I was lucky and bought a Strangedog cover and a Decalgirl skin (Burlwood) for my Kindle-to-be. (Due to enabling from Kindleboards and knowing that my Kindle would not arrive for weeks. ) Mid February I started thinking about a cover for my K2-to-be and homes for my K1 cover and skin.

K2 arrived at my office February 26 while I was away on a business trip. I stopped by my office to pick up my Kindle February 28 at 8:30 pm Saturday evening on my way home between trips. I opened it at the office to verify that it was OK and that Whispernet worked (3G). Turned it off, packed it up, and drove an hour to get home. The 34 books I purchased while waiting for my Kindle were downloaded via Whispernet (1X) from 11:35 PM to 12:10 AM. I stopped playing with my new Kindle put the Kindle to sleep at 12:36 AM on March 1.

I spent much of Sunday making the "temporary" Kindle cover that I still use today. (Cover made from $5 clearance journal from Michaels, some fabric and elastic from JoAnns, and some plastic from DHs model railroad supplies.)

I flew with my K2 on Monday, March 2.

If it had not been for the information I learned from Kindleboards, I would not have had a cover to protect my K2 on its first flight.

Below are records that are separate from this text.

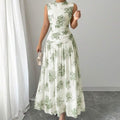 Womens Stylish Sleeveless Tank Dress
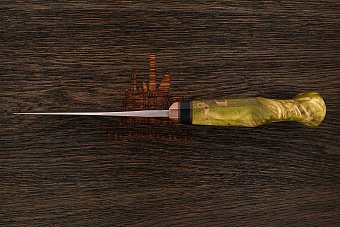 Разделочный нож Игоря Игина Генри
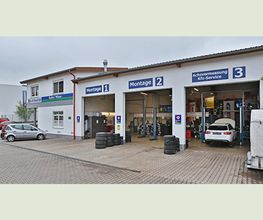 Reifen Wiese Bretzfeld Bild 2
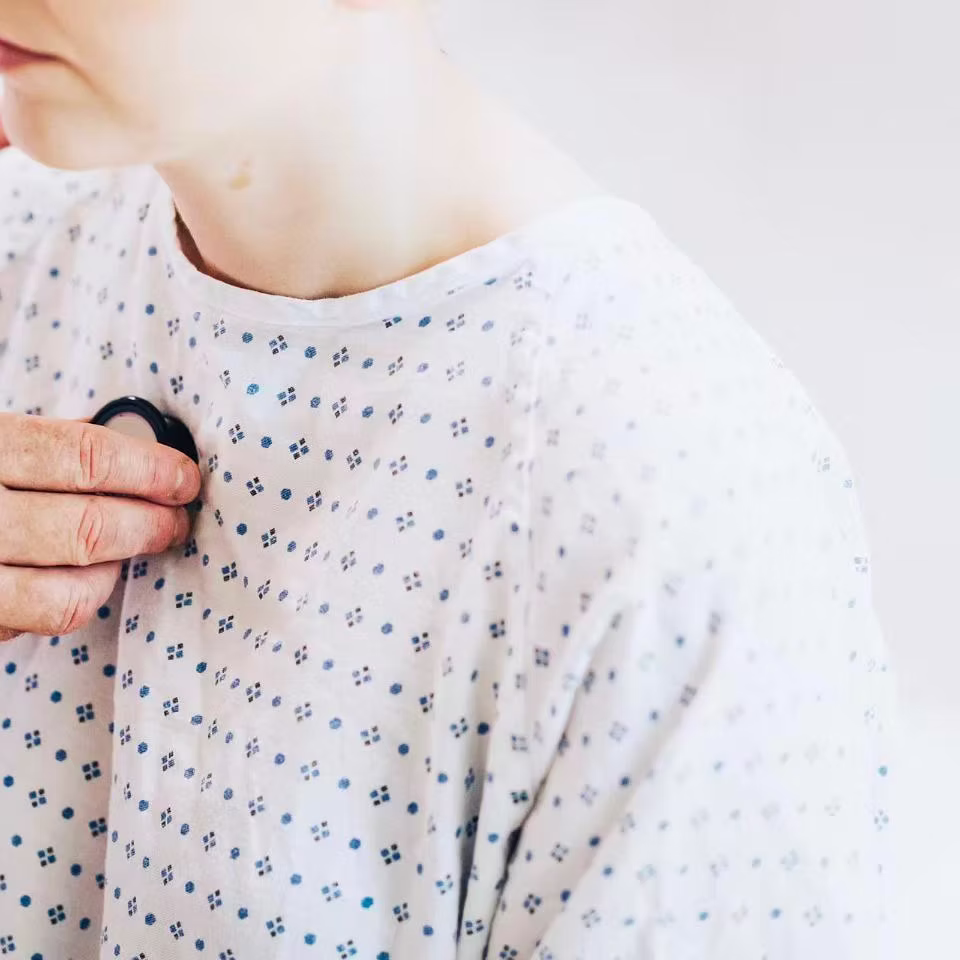 What is malignant pectus excavatum?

I agree that "this has most definitely been the place to be."


----------



## davem2bits (Feb 2, 2009)

I miss BJ and the cowboy, et al.  Nobody better at threadjacking than those two.


----------



## Susan in VA (Apr 3, 2009)

The Hooded Claw said:


> I'm a jonny-come-lately, but I'm glad this board and its members are here!


I'll second that.


----------



## Jeff (Oct 28, 2008)

When you joined hardly matters. Many of my favorite members are indeed those who came early but I truly enjoy the posts of several more recent members. I even worry about some of them when they don't post for a few days.  

As for BJ, I still argue with him on some other forums but the Kindle Kowboy seems to have ridden off into the sunset.


----------



## BTackitt (Dec 15, 2008)

*Sniff* I miss Sailor and all of her many poses.


----------



## Susan in VA (Apr 3, 2009)

Jeff said:


> When you joined hardly matters. Many of my favorite members are indeed those who came early but I truly enjoy the posts of several more recent members. I even worry about some of them when they don't post for a few days.


 

But I recall that _someone_ went missing for much more than a few days... and we're glad you came back!


----------



## Susan in VA (Apr 3, 2009)

BTackitt said:


> *Sniff* I miss Sailor and all of her many poses.


Yes, it was fun to see what she'd come up with next! I hope she's doing well.


----------



## geoffthomas (Feb 27, 2009)

Yeah.
It can be difficult when a friend goes away from the forum for a while.

I am now overjoyed that Jeff is back in full swing.
And long for the day when Sailor and Robin.Goodfellow might come back.

I had indeed heard that BJ will probably not do so along with Vampie.

Oh, well.....they say that change is good and we gotta move on.

Just sayin.......


----------



## intinst (Dec 23, 2008)

/\ /\
Not that I  feel capable of entertaining to the extent of BJ and Vampire, but it was an attempt to partially fill that void that resulted in my posting at a much higher rate.


----------



## geoffthomas (Feb 27, 2009)

Well I for one would rather your kind and thoughtful posts than most of theirs (won't try to categorize them).
BJ was very talented and provided a lot of art and screensavers, but............


Just sayin..... (Love ya, Intinst)


----------



## intinst (Dec 23, 2008)




----------



## Susan in VA (Apr 3, 2009)

intinst said:


> /\ /\
> Not that I feel capable of entertaining to the extent of BJ and Vampire, but it was an attempt to partially fill that void that resulted in my posting at a much higher rate.


I'm sure I speak for many here when I say,

WORKS FOR ME!! Thank you, intinst, for all your fun posts and all your thoughtful ones too.


----------



## Annalog (Dec 28, 2008)

Susan in VA said:


> I'm sure I speak for many here when I say,
> 
> WORKS FOR ME!! Thank you, intinst, for all your fun posts and all your thoughtful ones too.


I agree! And think what it has done for your post count! (Currently 10606)


----------



## intinst (Dec 23, 2008)

Once again,


----------



## Anju  (Nov 8, 2008)

Careful you're gonna beat Betsy and Leslie - combined


----------



## loonlover (Jul 4, 2009)

Anju No. 469 said:


> Careful you're gonna beat Betsy and Leslie - combined


No, I won't let him. I want to use the computer sometime.


----------